L’enquête* a été réalisée en février, entre les deuxième et troisième confinements. Et ses résultats confirment les nombreux sondages et études menés depuis l’an dernier, pour les adultes comme pour les enfants, et les observations des professionnels sur le terrain. Sans surprise, donc, cette étude BVA pour l’association Addictions France** indique que la crise sanitaire et les restrictions qu’elle implique ont eu un impact négatif sur le moral de 56% des personnes interrogées.

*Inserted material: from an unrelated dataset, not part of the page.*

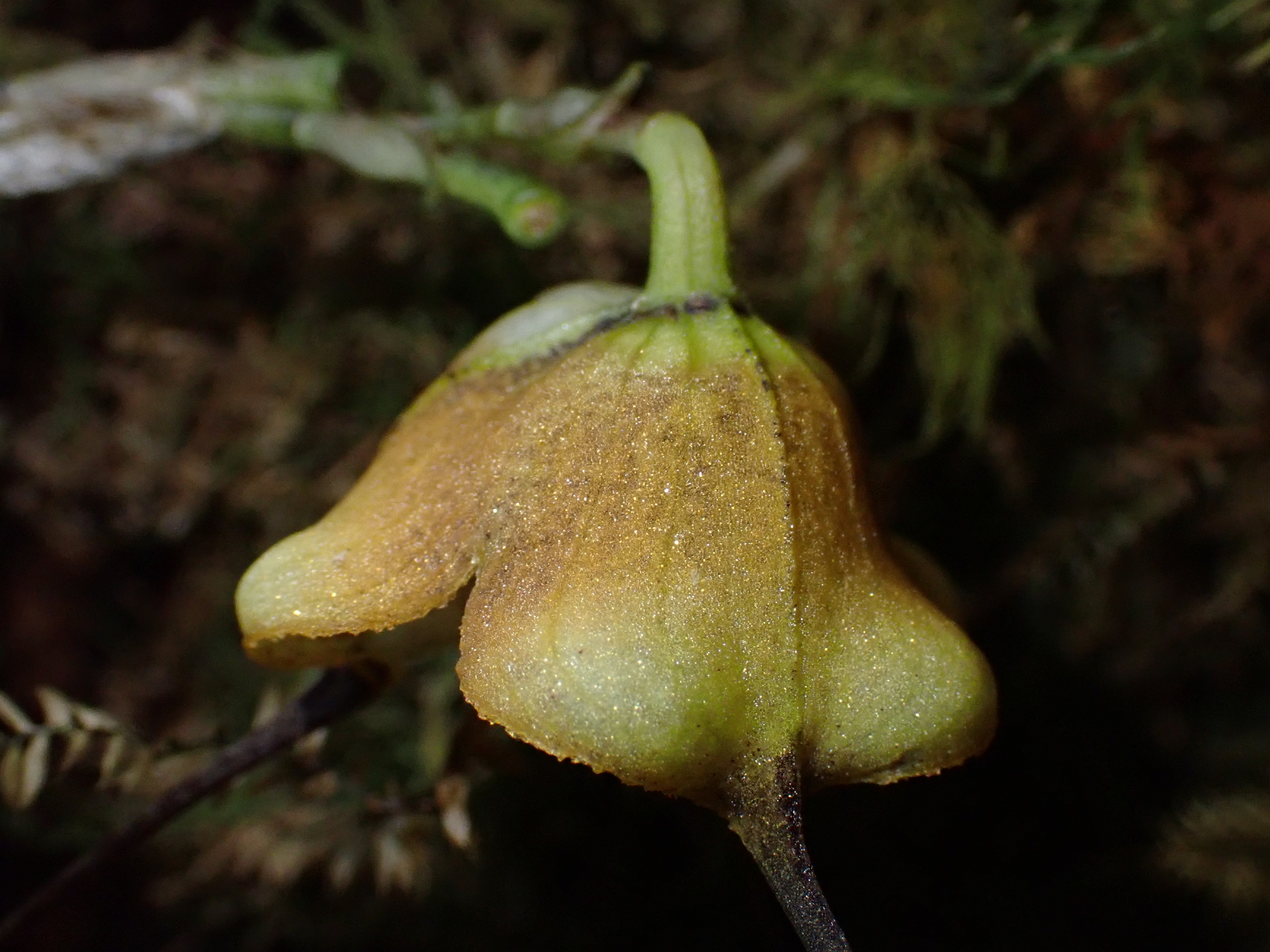 Imagem de Orquídea Drácula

« C’est sur la santé psychologique que la situation a eu le plus de conséquences néfastes, davantage que sur les relations avec leurs proches (53%), la situation financière (35%), la vie professionnelle (34%) ou encore l’accès aux soins (29%) », commentent les auteurs du sondage. Or, souffrance psychologique et conduites addictives vont souvent de pair.

Anxiété, ennui, solitude

Dans le détail, 60% des personnes interrogées disent avoir augmenté leur consommation d’écrans à des fins récréatives, 35% disent avoir augmenté leur consommation de tabac et un tiers répond consommer davantage de cannabis, d’anxiolytiques et de somnifères. Tous publics confondus, l’anxiété et l’ennui apparaissent comme les principales causes de ces pratiques, suivis du sentiment de solitude ou d’isolement.

Mais tout le monde est-il touché de la même manière, dans les mêmes proportions ? Non, répond l’étude : « les personnes dans une situation financière très difficile, celles déjà suivies pour une addiction, les poly-consommateurs, les personnes ayant connu un arrêt de leur activité professionnelle lors de l’année écoulée et les étudiants s’avèrent des populations plus touchées que les autres, avec un impact encore plus négatif de la crise sur leurs consommations ».

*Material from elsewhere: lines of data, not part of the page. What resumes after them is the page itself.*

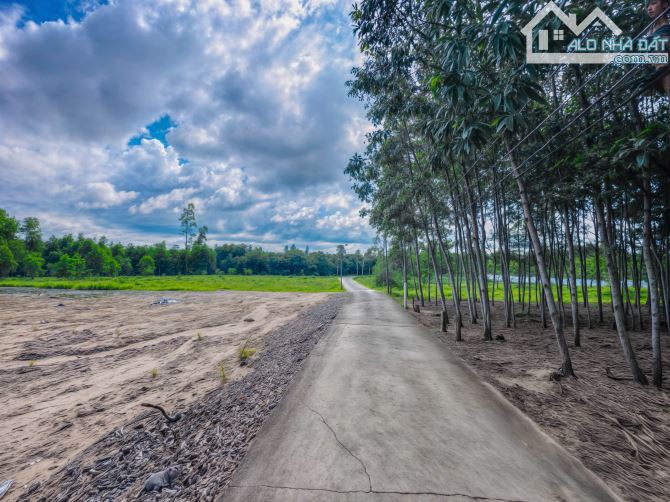 🌿 BÁN ĐẤT - HẺM QUỐC LỘ 55 - (25x40) - QUY HOẠCH ONT 100% - 1 TỶ 500 TRIỆU 🌿 - 1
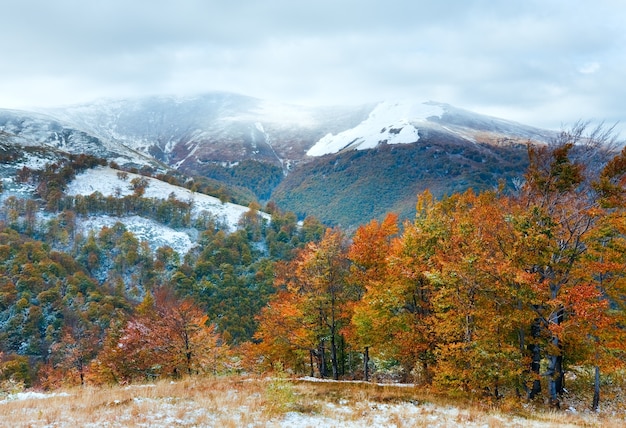 Octubre meseta montañosa de los Cárpatos con la primera nieve del invierno y follaje colorido otoñal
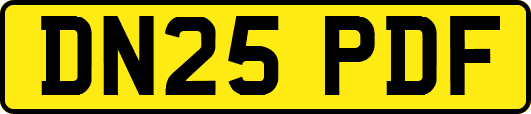 DN25PDF
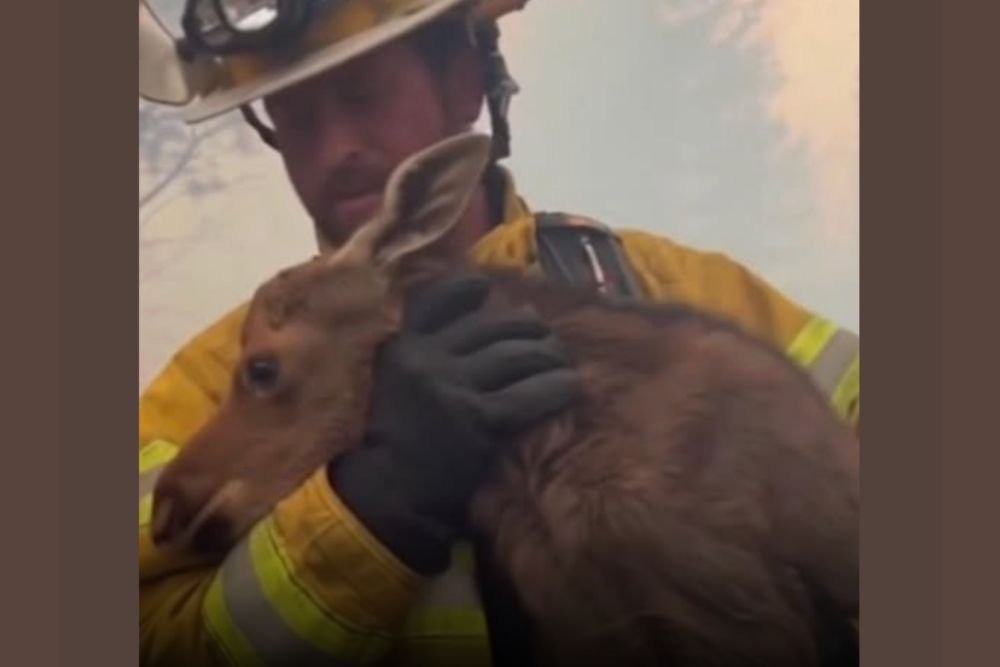 Firefighter Defies Orders During Raging Wildfire — Rushes Into Flames to Save Trapped Baby Moose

Ainsi, 58% des personnes ayant déjà été suivies pour un problème d’addiction ont augmenté leur consommation d’anxiolytiques (contre 33% en moyenne pour la population générale) ; 56% des personnes en situation financière difficile admettent qu’il était complexe de maîtriser certaines consommations à risque en période de confinement (38% en moyenne) et 45% des poly-consommateurs ont augmenté leur consommation d’alcool (21% en moyenne).

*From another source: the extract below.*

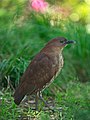 Japanese night heron (Gorsachius goisagi) in Osaka, Japan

A noter : Autre enseignement de l‘étude, la difficile régulation du temps d’écrans des enfants. Malgré une bonne information sur le sujet, 6 parents sur 10 ont concédé avoir rencontré des difficultés « pour limiter le temps d’exposition aux écrans de leurs enfants pendant les confinements ».

*Enquête réalisée par internet du 15 au 24 février 2021 auprès d’un échantillon national représentatif de la population française âgée de 15 ans ou plus, composé de 2001 personnes.

**Ex-ANPAA (Association nationale de prévention en alcoologie et addictologie)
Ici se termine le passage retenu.